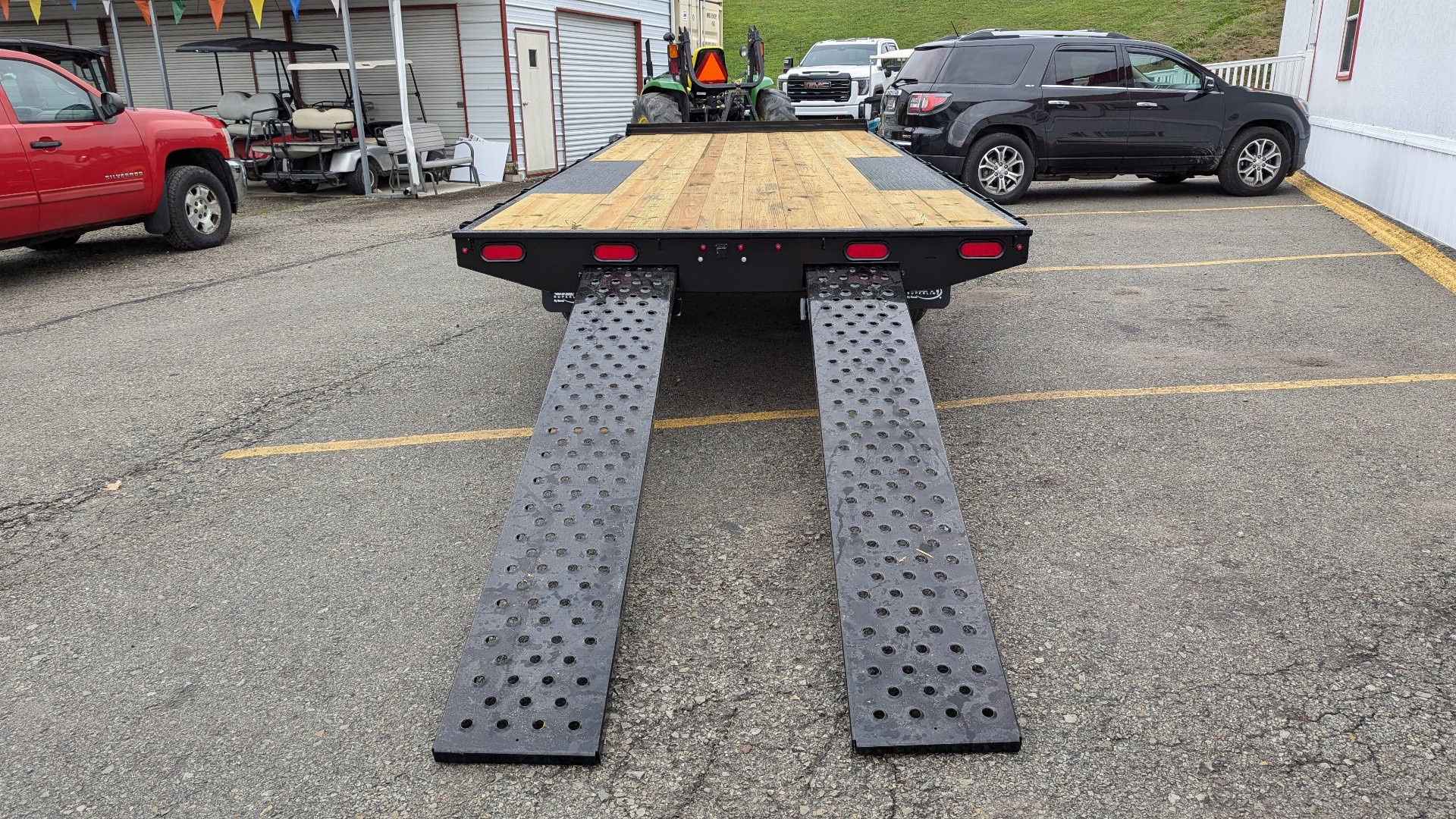 New 2026 CAM Superline 20' General Duty Flat Deck Deckover w/ 8' Underbody Ramps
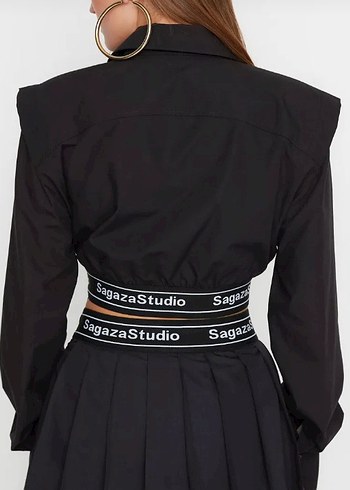 Trendyol & Milla SagazaStudio Siyah Kemerli Mini Bluz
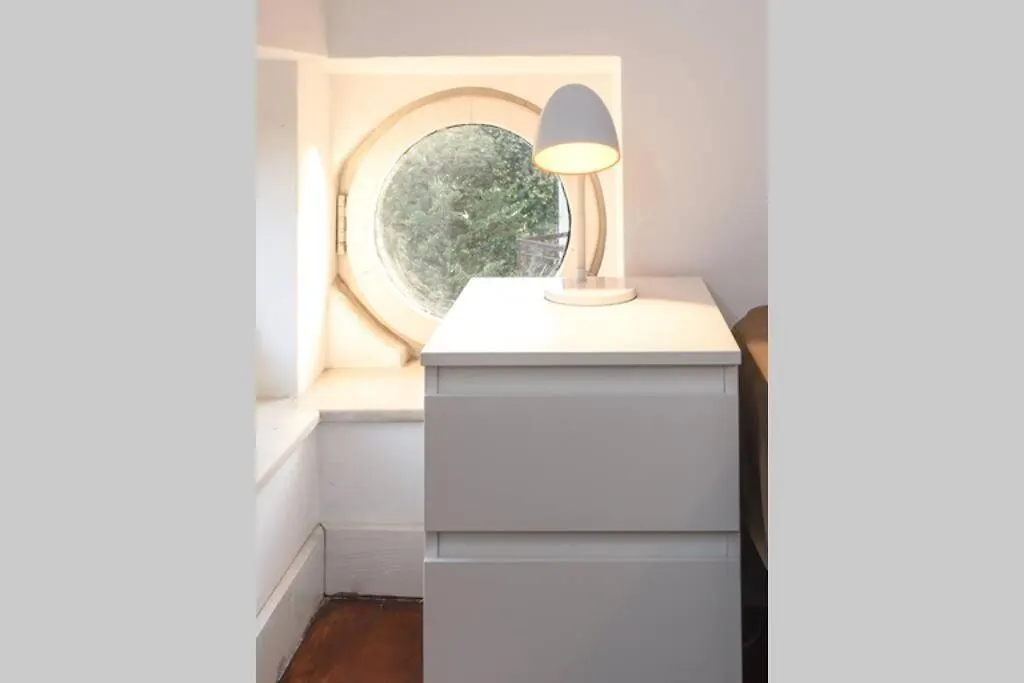 Spacious And Cozy 3 Bedroom Apartment In Downtown Sofia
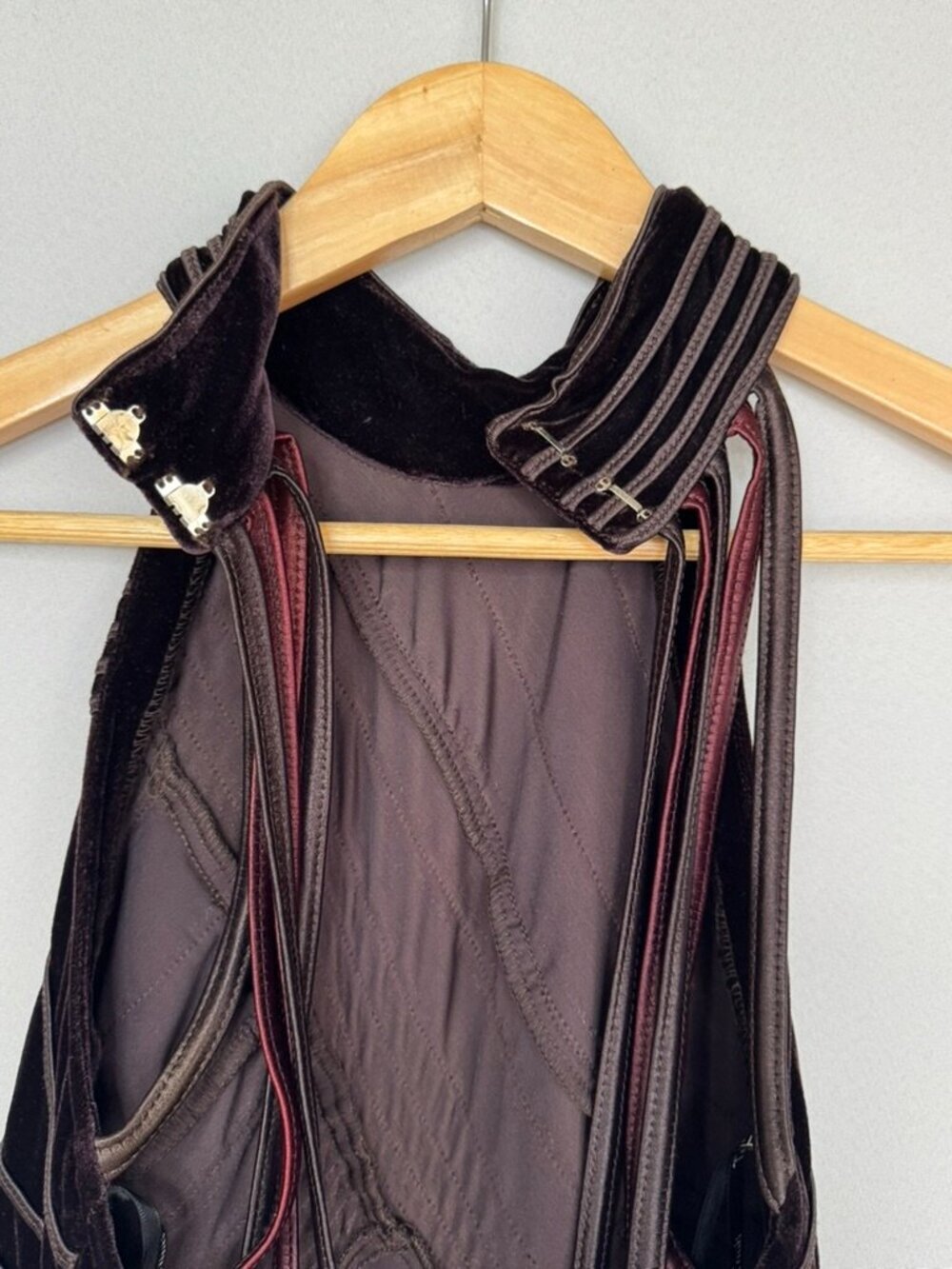 90s Vintage Tadashi Shoji CACHE Burgundy Stretch Velvet Halter Maxi Dress Large - Picture 8 of 13
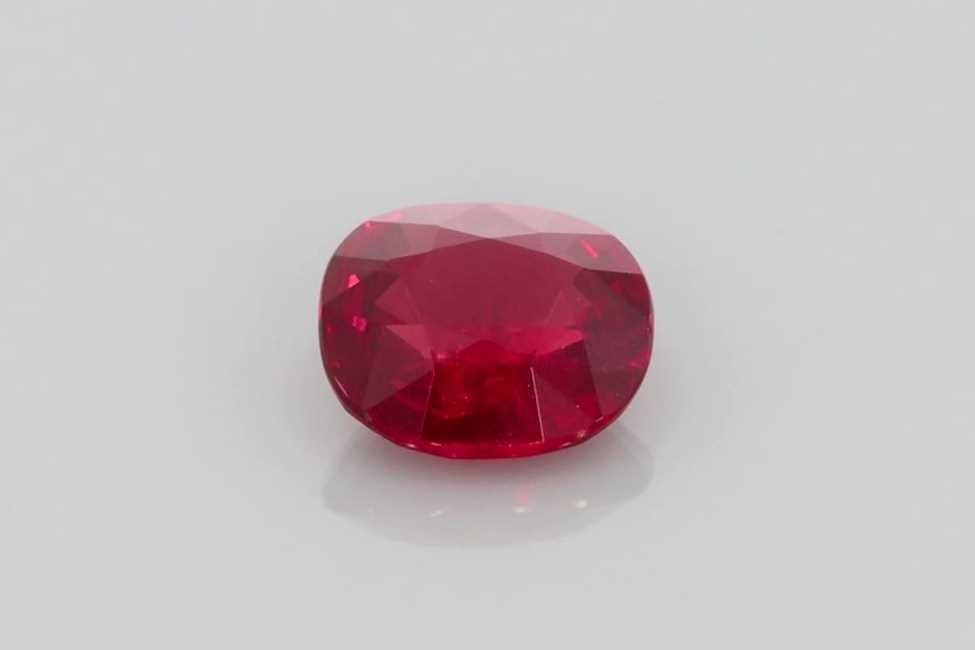 Rubin 1,04 ct, czerwony, szlif cushion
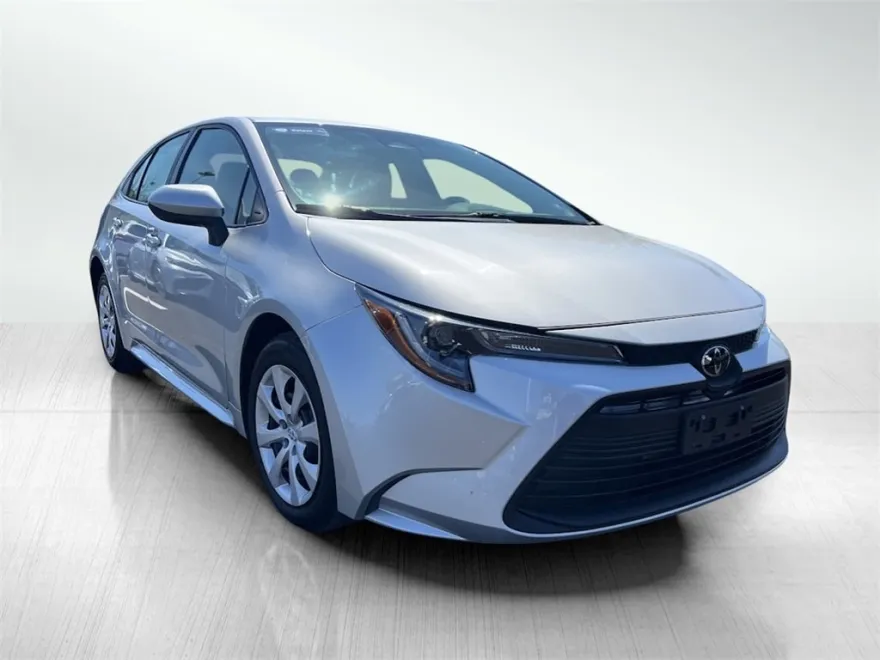 2024 Toyota Corolla LE photo 1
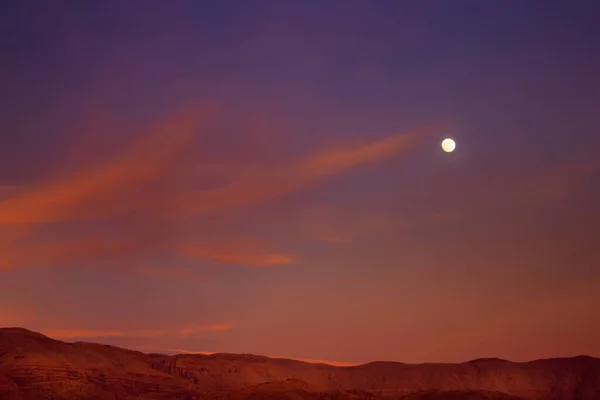Tiro Cênico Lua Céu Durante Pôr Sol Sobre Montanhas Egito — Fotografia de Stock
^^^^
### PROBLEM DESCRIPTION
Please print the lines from the one holding "2024 Toyota Corolla LE photo 1" through the end of the records above, unchanged and with the pictures left out.

### EXPECTED ANSWER
 2024 Toyota Corolla LE photo 1
Tiro Cênico Lua Céu Durante Pôr Sol Sobre Montanhas Egito — Fotografia de Stock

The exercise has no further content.